* [Task directions]: Write the entries out exactly, with the final line being the one containing "Sea Shepherd edging".

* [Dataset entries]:
———

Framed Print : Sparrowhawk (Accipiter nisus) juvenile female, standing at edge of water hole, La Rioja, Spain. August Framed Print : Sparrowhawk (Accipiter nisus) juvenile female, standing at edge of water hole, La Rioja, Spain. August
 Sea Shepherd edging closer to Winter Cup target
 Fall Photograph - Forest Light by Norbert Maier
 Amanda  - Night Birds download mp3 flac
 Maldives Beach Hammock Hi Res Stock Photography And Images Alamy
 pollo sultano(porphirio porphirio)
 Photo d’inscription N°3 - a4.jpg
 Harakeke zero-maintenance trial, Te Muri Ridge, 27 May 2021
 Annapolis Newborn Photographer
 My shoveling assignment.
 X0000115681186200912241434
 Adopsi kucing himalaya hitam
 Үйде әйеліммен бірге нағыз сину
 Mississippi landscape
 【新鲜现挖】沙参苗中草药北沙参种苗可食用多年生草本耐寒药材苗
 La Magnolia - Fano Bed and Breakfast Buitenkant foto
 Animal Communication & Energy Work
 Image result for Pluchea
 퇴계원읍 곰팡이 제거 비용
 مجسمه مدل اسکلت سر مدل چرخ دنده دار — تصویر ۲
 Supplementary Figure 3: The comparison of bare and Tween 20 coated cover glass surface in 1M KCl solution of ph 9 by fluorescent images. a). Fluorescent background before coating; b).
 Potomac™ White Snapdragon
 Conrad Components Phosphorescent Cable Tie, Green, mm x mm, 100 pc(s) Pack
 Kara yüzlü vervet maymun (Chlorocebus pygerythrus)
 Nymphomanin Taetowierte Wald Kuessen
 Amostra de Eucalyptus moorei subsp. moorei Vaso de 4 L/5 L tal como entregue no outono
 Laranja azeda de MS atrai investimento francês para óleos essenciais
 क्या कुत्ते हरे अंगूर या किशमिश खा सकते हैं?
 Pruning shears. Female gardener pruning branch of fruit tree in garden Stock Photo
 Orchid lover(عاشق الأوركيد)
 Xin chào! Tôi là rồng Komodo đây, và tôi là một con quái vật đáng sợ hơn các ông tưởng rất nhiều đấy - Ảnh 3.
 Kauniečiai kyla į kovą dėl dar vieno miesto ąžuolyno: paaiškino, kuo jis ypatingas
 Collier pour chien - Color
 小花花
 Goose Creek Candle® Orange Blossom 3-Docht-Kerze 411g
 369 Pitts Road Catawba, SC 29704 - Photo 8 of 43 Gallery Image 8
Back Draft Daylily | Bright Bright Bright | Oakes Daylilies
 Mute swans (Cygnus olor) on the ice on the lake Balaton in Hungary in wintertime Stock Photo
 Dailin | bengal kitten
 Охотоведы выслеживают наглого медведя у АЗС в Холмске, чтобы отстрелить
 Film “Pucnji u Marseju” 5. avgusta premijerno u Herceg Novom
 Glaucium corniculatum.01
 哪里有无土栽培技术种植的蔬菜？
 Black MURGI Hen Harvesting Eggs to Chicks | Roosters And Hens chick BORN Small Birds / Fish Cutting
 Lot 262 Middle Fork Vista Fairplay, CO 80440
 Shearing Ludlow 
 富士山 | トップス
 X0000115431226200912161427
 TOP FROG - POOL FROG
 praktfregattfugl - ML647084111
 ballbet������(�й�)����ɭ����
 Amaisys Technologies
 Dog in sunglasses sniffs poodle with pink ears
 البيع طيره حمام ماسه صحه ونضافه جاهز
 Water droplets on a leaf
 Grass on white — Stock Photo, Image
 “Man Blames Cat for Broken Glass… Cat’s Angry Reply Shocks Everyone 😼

———

* [Result for this exercise]:
Framed Print : Sparrowhawk (Accipiter nisus) juvenile female, standing at edge of water hole, La Rioja, Spain. August Framed Print : Sparrowhawk (Accipiter nisus) juvenile female, standing at edge of water hole, La Rioja, Spain. August
 Sea Shepherd edging closer to Winter Cup target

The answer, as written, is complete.